While Herr Hilger was getting even more silent, my father was talking more than he did when we were alone, and his shoulders were no longer stiff. A few times her ringed hand slid along the back of my father's chair—not touching his neck, though her fingers flexed as if already rehearsing. When we stood up to leave, her husband picked up her purse from the table and handed it to her without grazing her skin.

In the lobby she pressed a few of her oval pills into my hand—“Just in case,
Liebchen”—
and gave my father two tickets. “There's a cruise in Grignano Bay tomorrow afternoon. Herr Hilger and I would be so delighted if you joined us.”

My father stared at the tickets as if weighing their value. Perhaps she already guessed that he was not a man who could let anything fall to waste. I'd seen him finish burned pancakes my mother wanted to throw out, follow her from room to room to switch off the lights she left on—sometimes on purpose to tease him.

Frau Hilger smiled and curved one arm around me. “The statue of San Giusto lies at the bottom of Grignano Bay. But there's no need to decide now. After all—this is a vacation. A time to be spontaneous. If you're not there, Herr Hilger and I'll
amuse ourselves. But just in case, I'll bring a picnic for all of us.”

All of us.
From that day on, all our encounters felt choreographed by Frau Hilger.

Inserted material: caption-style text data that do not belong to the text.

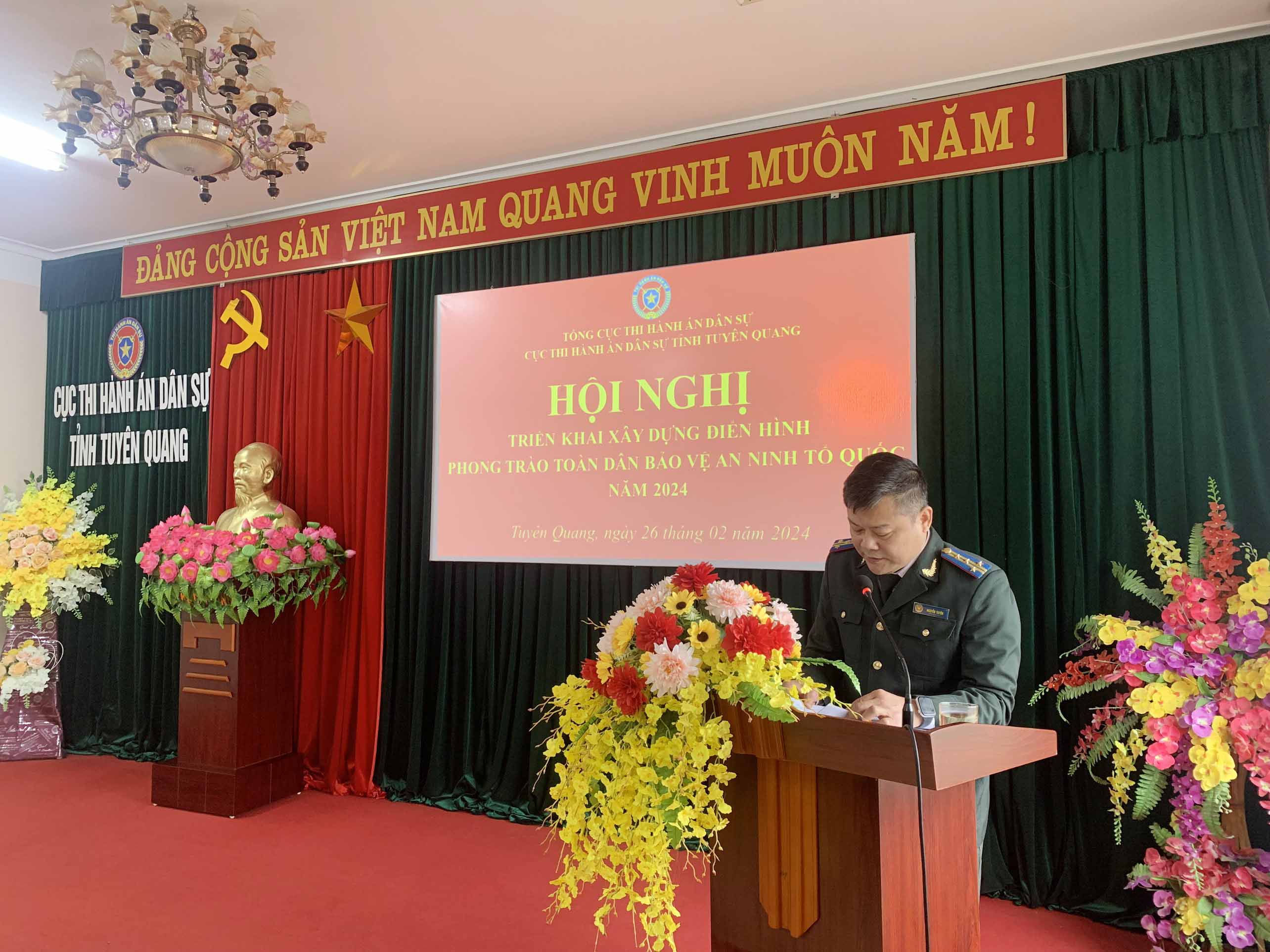 Cục THADS tỉnh Tuyên Quang tổ chức Hội nghị triển khai xây dựng  điển hình phong trào “Toàn dân bảo vệ an ninh Tổ quốc” năm 2024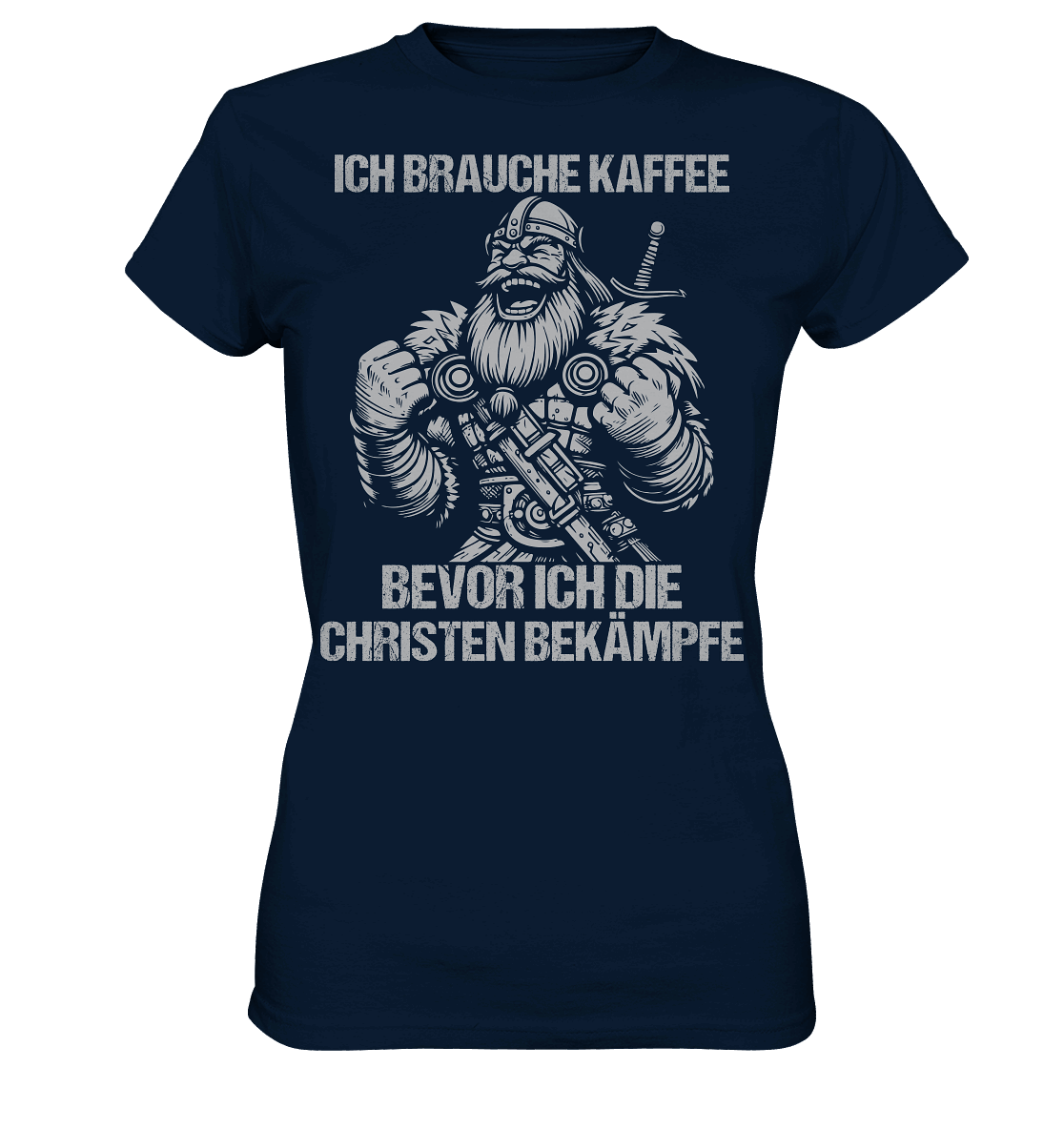 Ich brauche Kaffee  - Ladies Premium Shirt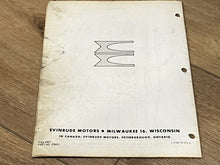 1963 Evinrude 75HP Starflite 75382E 75383E 75392E 75393E Parts Catalog - Used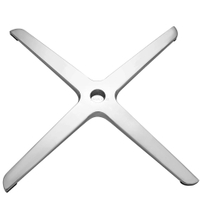 base de silla de oficina de acero inoxidable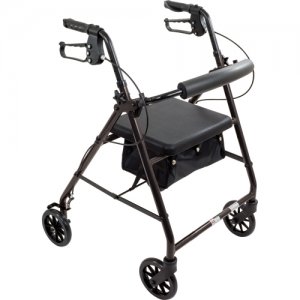 Aluminum Rollator w/Loop Brake Black  4-Wheel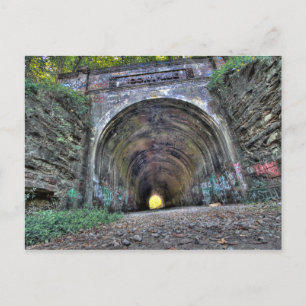 Moonville Tunnel, Vinton County, Ohio Vykort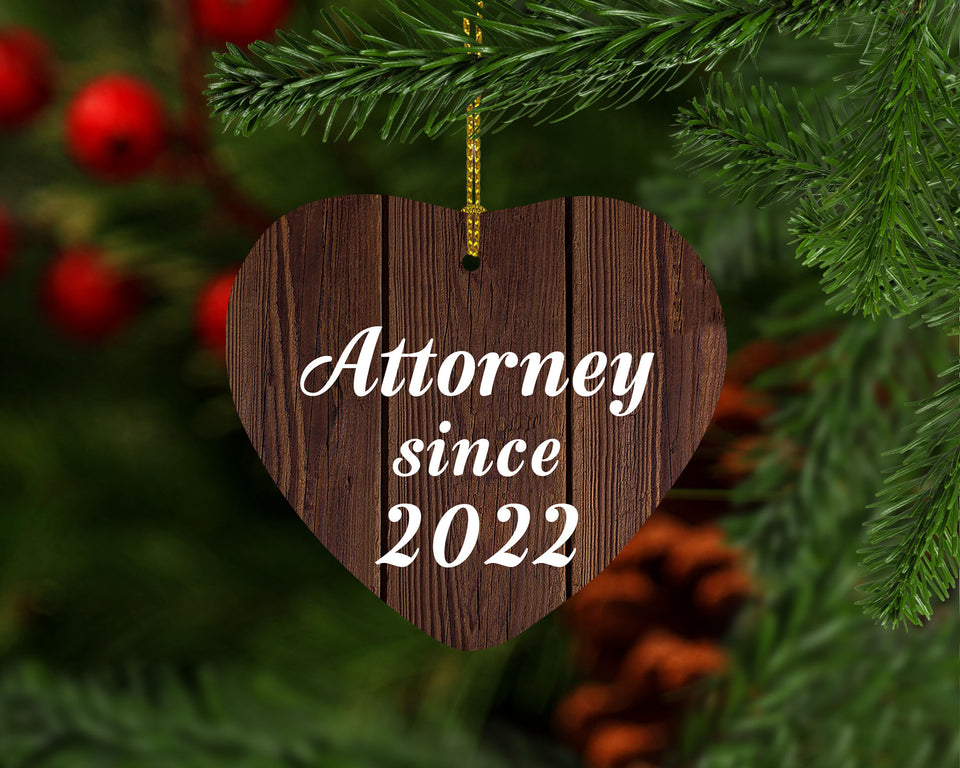 Attorney Since 2022 - Heart Ornament D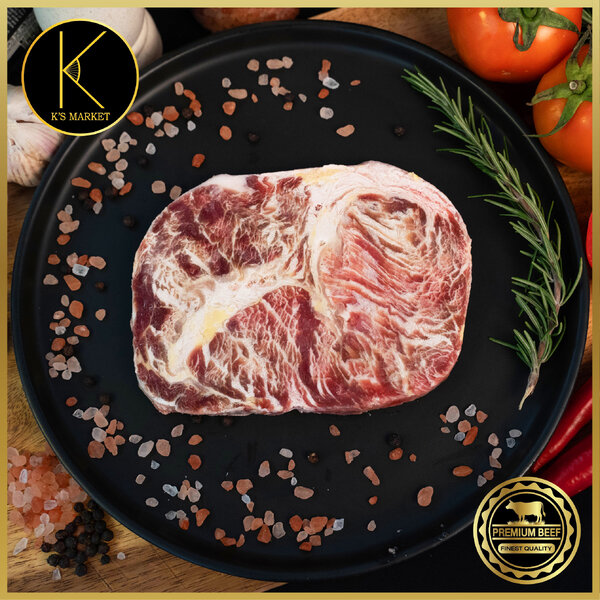 สเต็กเนื้อริบอาย นิวซีแลนด์(130-170 กรัม) เนื้อลายหินอ่อน ไขมันสวยฉ่ำ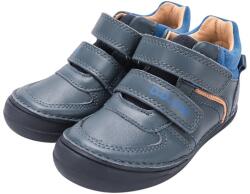 D. D. STEP pantofi pentru băieți fără căptușeală, cu închidere cu velcro albastru (14F2D4)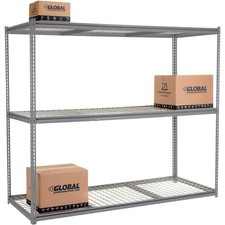 Global Industrial High Capacity Starter Rack 96x48x843 Levels Wire Deck 800lb
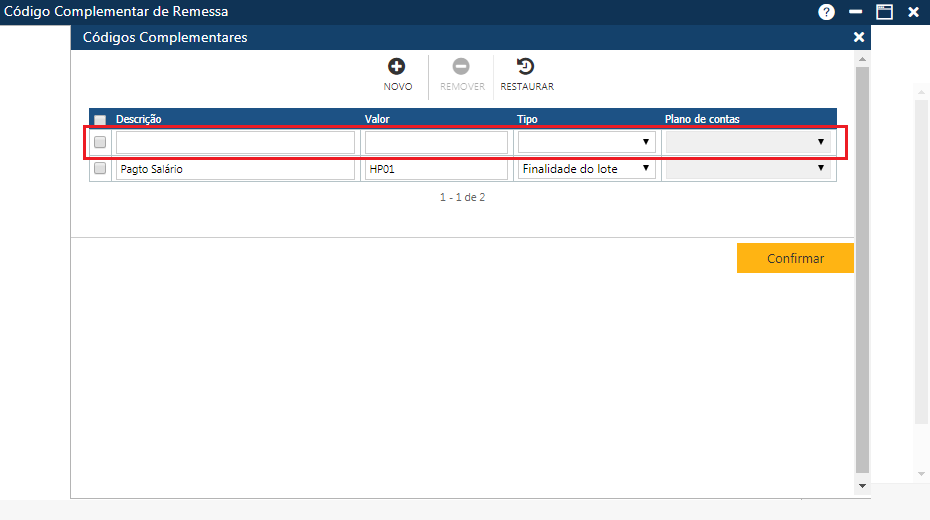 Codigo-complementar-de-remessa-Janela-Codigos-Complementares-Novo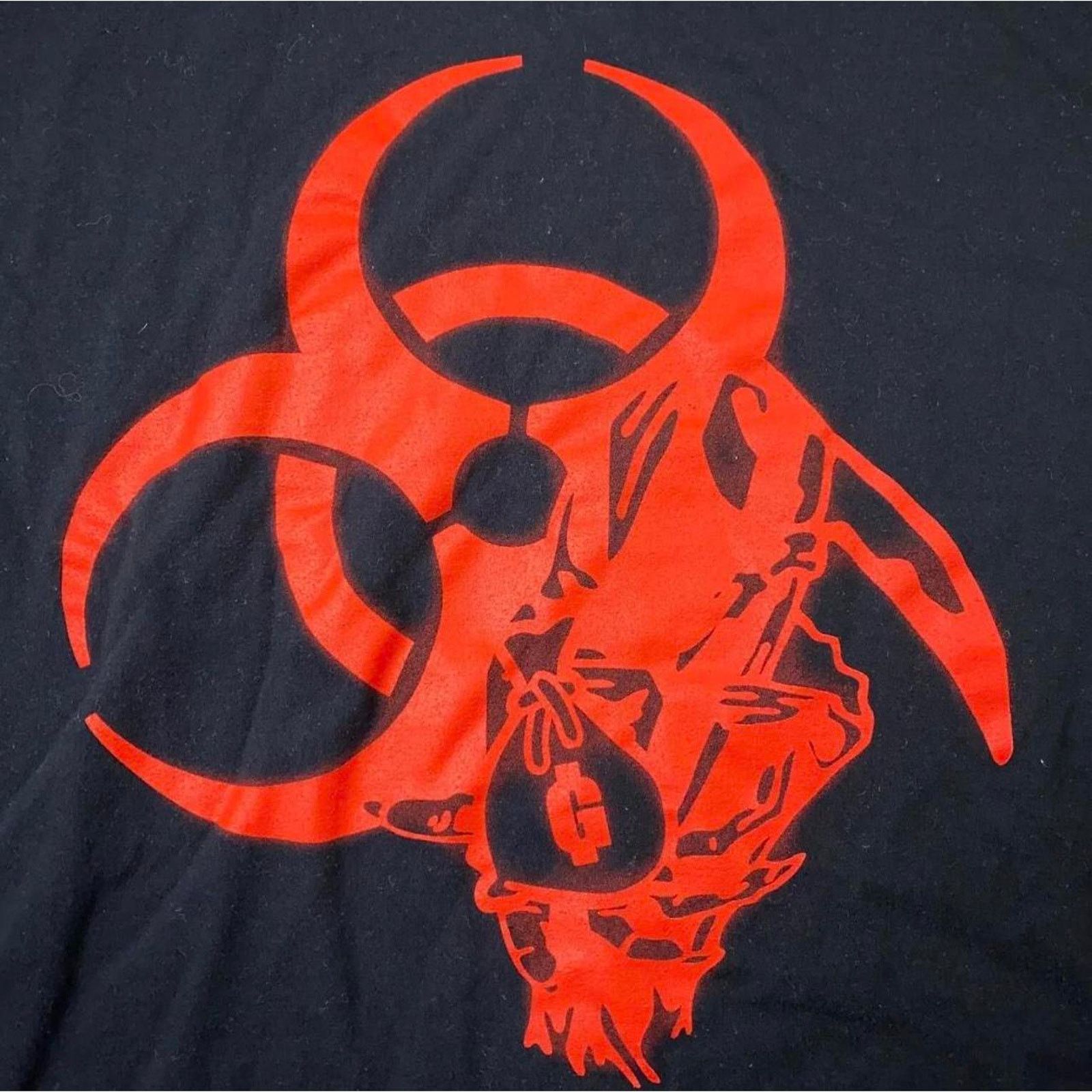 Other Goth money records GMR airbrushed quarantine shirt Size US XL / EU 56 / 4 - 2 Thumbnail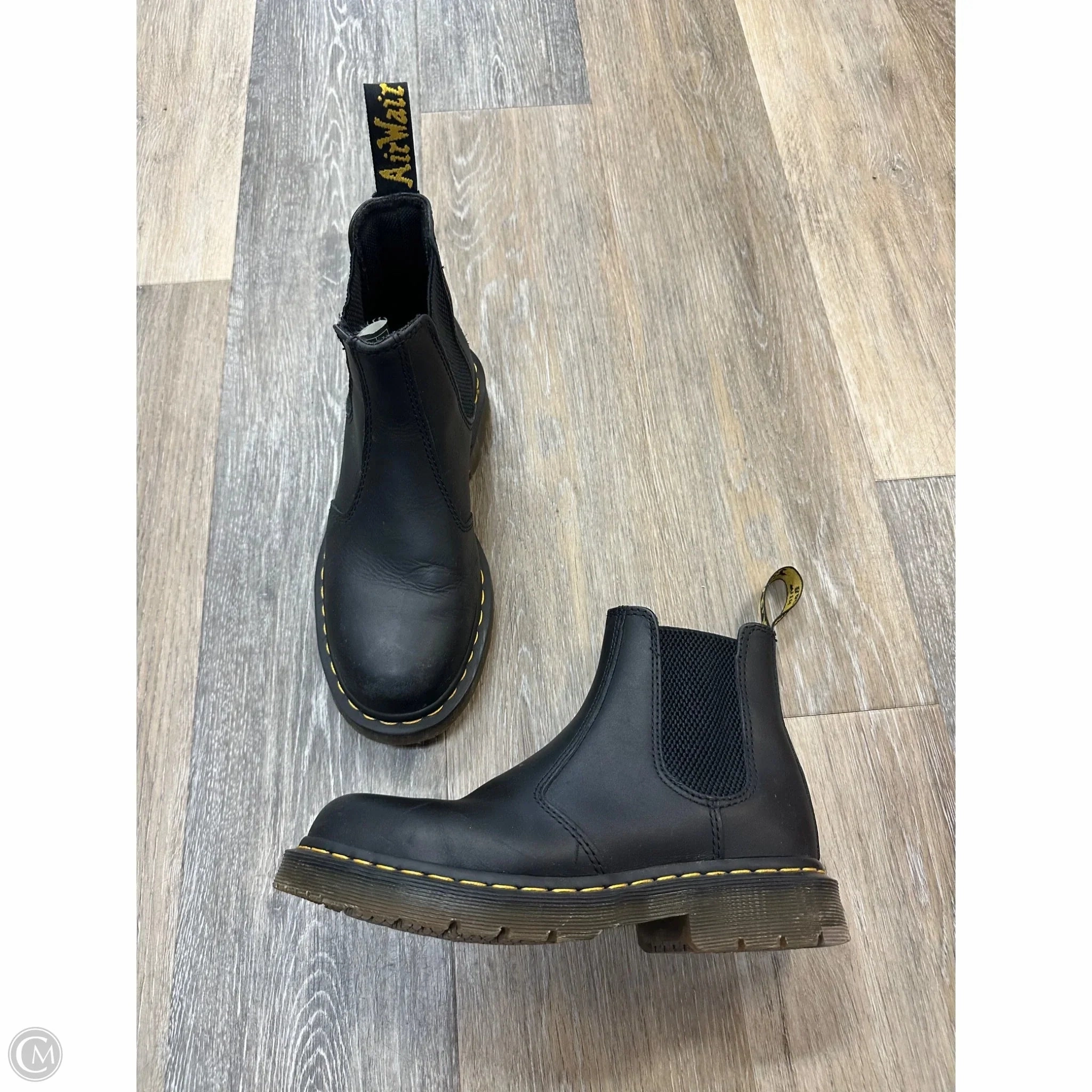 Boots Ankle Flats By Dr Martens In Black, Size: 8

Mornings, she'd call a greeting to us across the wall between our balconies. She'd insist on cooking the midday meal for us—usually German recipes—in her suite, which was the same size as ours, with two bedrooms and a living room and kitchen. In the evenings, we'd eat
rigatoni
or
cannelloni
with fish or chicken in Trieste or in the dining room of our hotel. When we'd sun ourselves on the beach, it would be next to the Hilgers. While he'd read biographies of composers and I'd swim in the sea, Frau Hilger and my father would stroll along the sand toward Maximilian's white Miramare Castle; but she'd never go into the water above her knees, and even when the wind was strong enough to flip the pages of her husband's book, only a few single hairs would slip from her braided chignon.